** Opening Exercise data block **

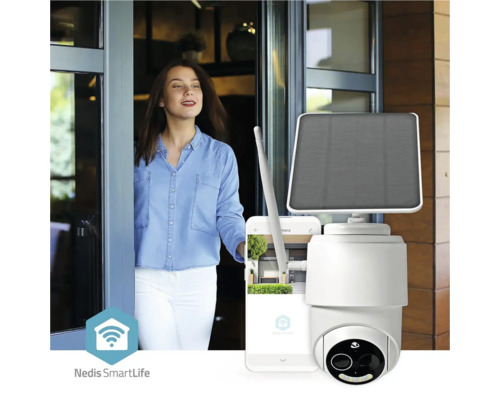 Drahtlose Überwachungskamera mit Solarpanel und Smartphone-App vor einer Haustür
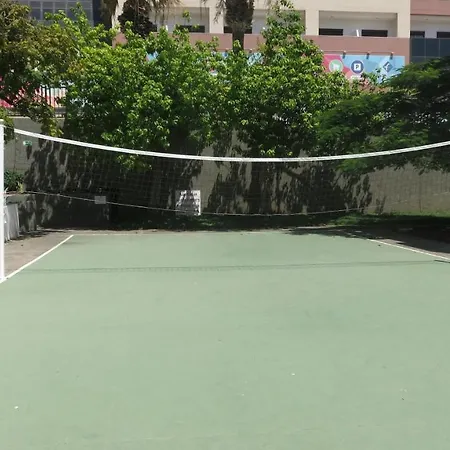 2-bedroom Near Beach And Golden Mile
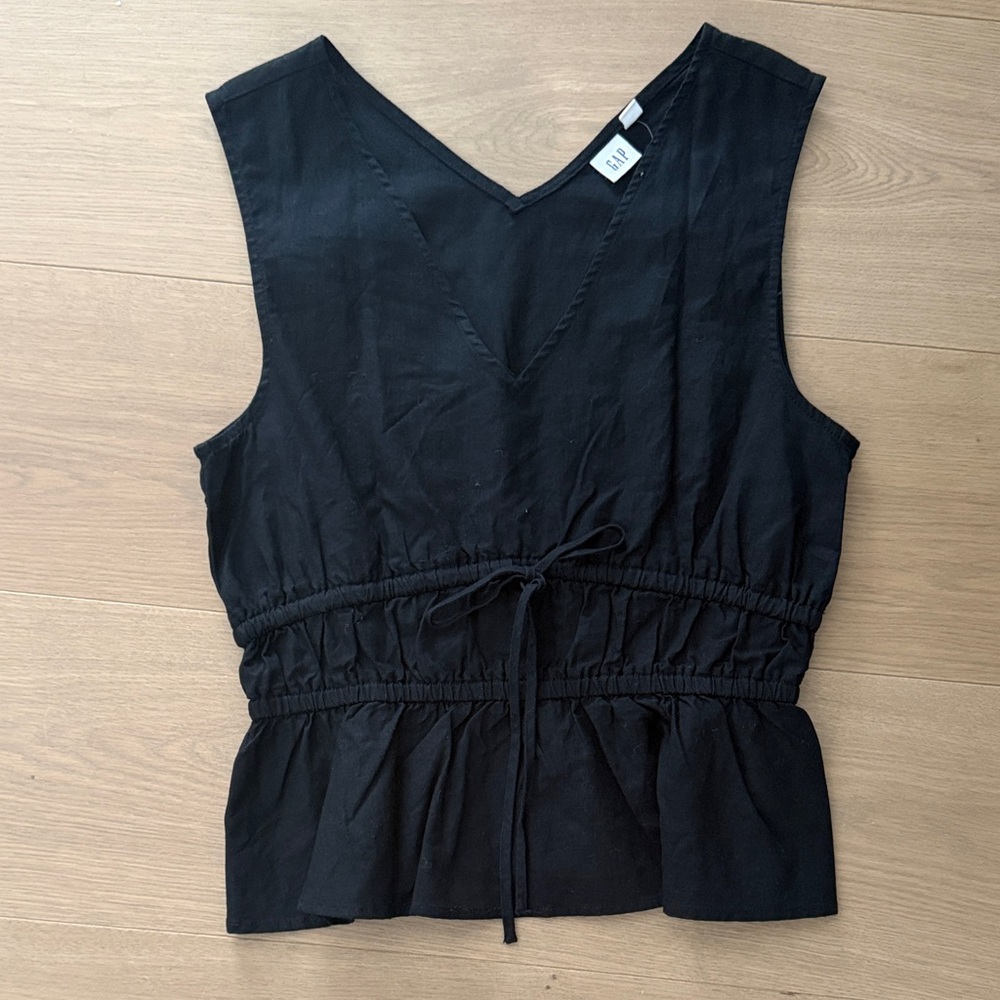 GAP Black V-Neck Sleeveless Blouse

** Closing Exercise data block **

Aim of the exercise >> In your copy of the material, match every word exactly and include no pictures.

Completed task >>
 Drahtlose Überwachungskamera mit Solarpanel und Smartphone-App vor einer Haustür
 2-bedroom Near Beach And Golden Mile
 GAP Black V-Neck Sleeveless Blouse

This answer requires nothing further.